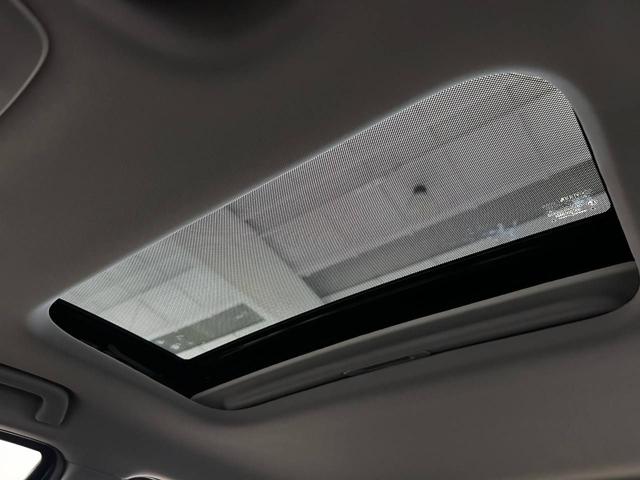 EMC QUATTRO 1.5 CVT VARI COLORI DISPONIBILI, 10 km, in vendita a Fara Gera D Adda (BG)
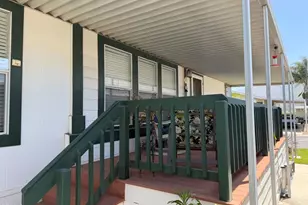 500 W Santa Maria Street, Santa Paula, CA 93060 - Photo 9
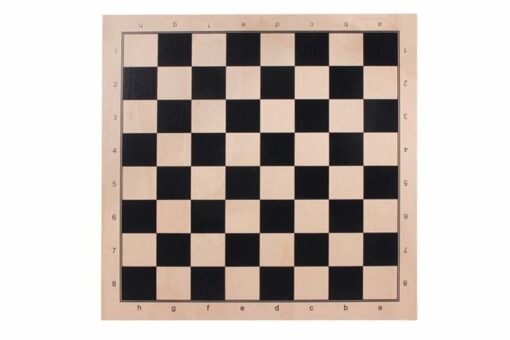 312-1-Echiquier-Bois-Erable-Acajou-ébonisé-Taille-6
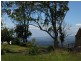 64 Skyline Drive, Blue Mountain Heights QLD 4350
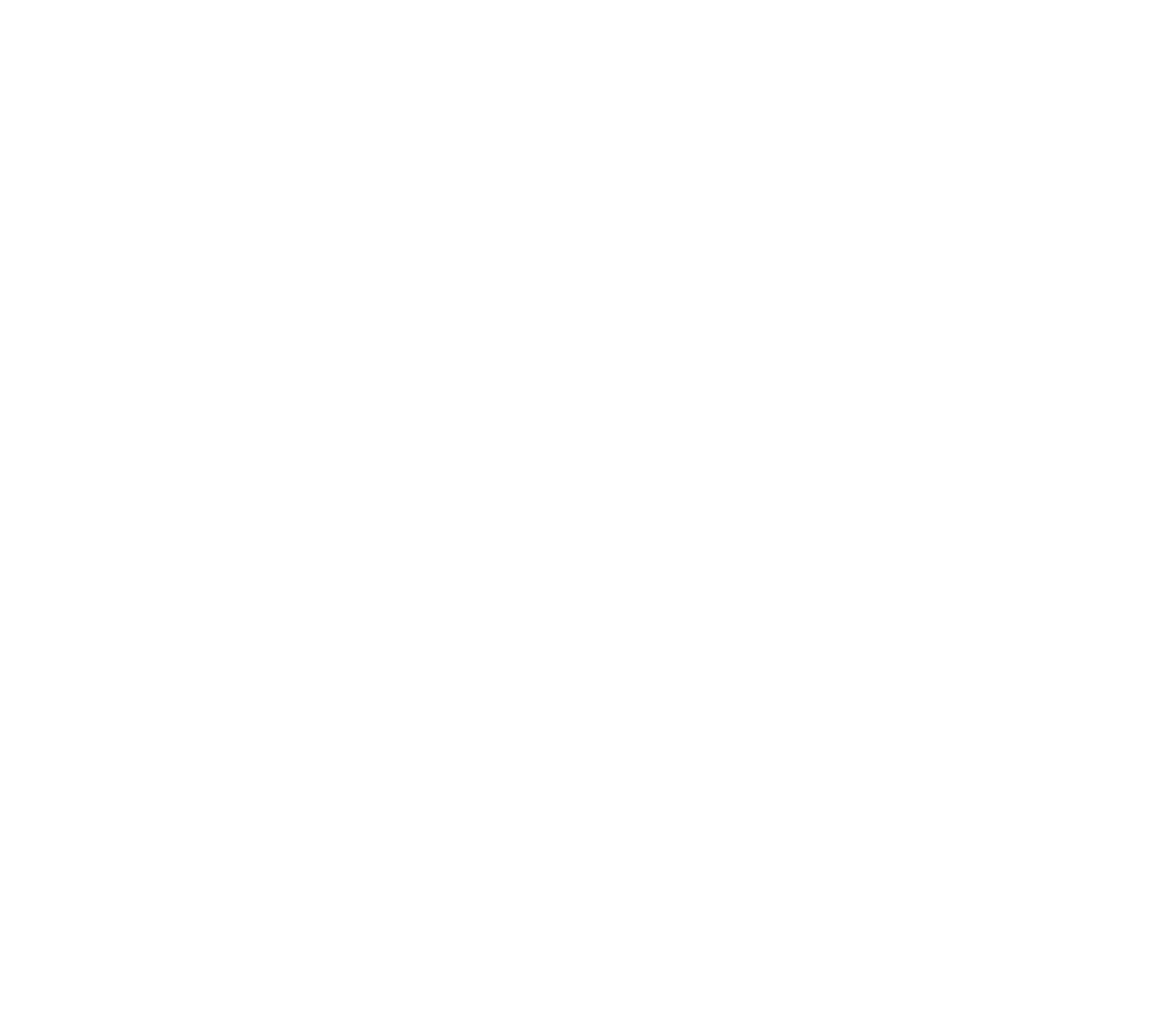 Tiny Worlds Publishing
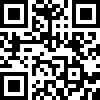 https://qudsonline.ir/x8Zds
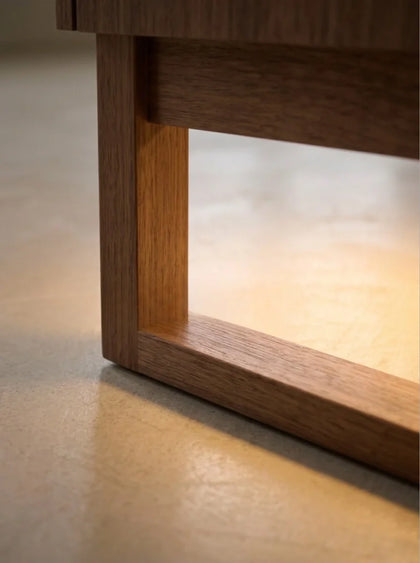 A00033 A00033 Sideboard — view 08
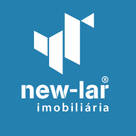 New-Lar Imobiliária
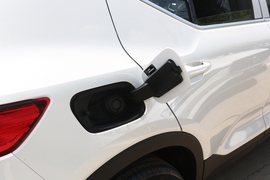 2023款沃尔沃XC40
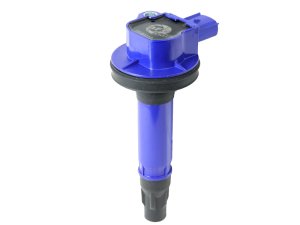 Ford Various Ignition Coil - aFe - SCORCHER High-Performance - `11-`25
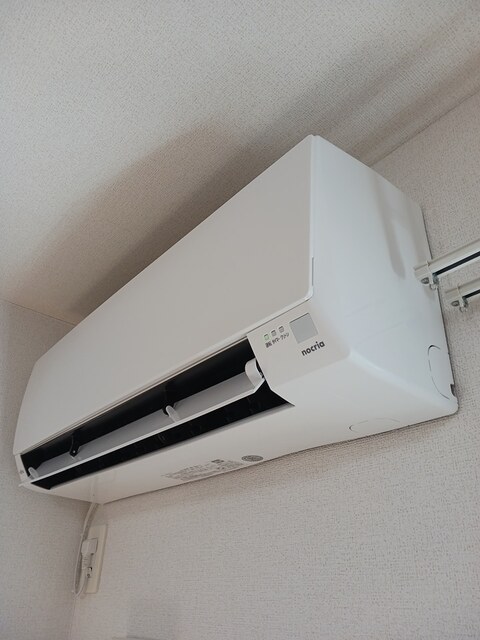 イリーデ　２ その他5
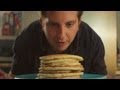 Pancake Time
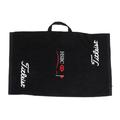 Titleist Players Towel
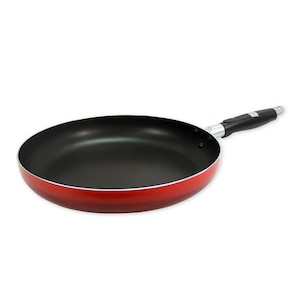 �L��b�y�K�X�ΐ�p�z�r�b�O�t���C�p�� 32cm�bDW5315(����ټ)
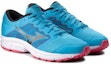 Order (Women) Mizuno Ezrun Lx J1GF181809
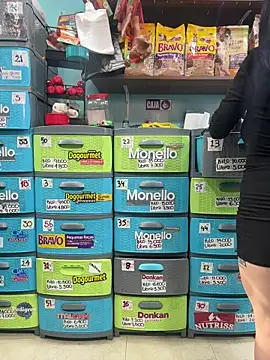 Snapshot of Lucy_699 chatting on February 23, 2026, 8:17 pm Lucy 699 online show from February 23, 2026, 8:17 pm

### What you should do
Please print everything in the material exactly, apart from the pictures.

### Exercise result
 EMC QUATTRO 1.5 CVT VARI COLORI DISPONIBILI, 10 km, in vendita a Fara Gera D Adda (BG)
 500 W Santa Maria Street, Santa Paula, CA 93060 - Photo 9
 312-1-Echiquier-Bois-Erable-Acajou-ébonisé-Taille-6
 64 Skyline Drive, Blue Mountain Heights QLD 4350
 Tiny Worlds Publishing
 https://qudsonline.ir/x8Zds
 A00033 A00033 Sideboard — view 08
 New-Lar Imobiliária
 2023款沃尔沃XC40
 Ford Various Ignition Coil - aFe - SCORCHER High-Performance - `11-`25
 イリーデ　２ その他5
 Pancake Time
 Titleist Players Towel
 �L��b�y�K�X�ΐ�p�z�r�b�O�t���C�p�� 32cm�bDW5315(����ټ)
 Order (Women) Mizuno Ezrun Lx J1GF181809
 Snapshot of Lucy_699 chatting on February 23, 2026, 8:17 pm Lucy 699 online show from February 23, 2026, 8:17 pm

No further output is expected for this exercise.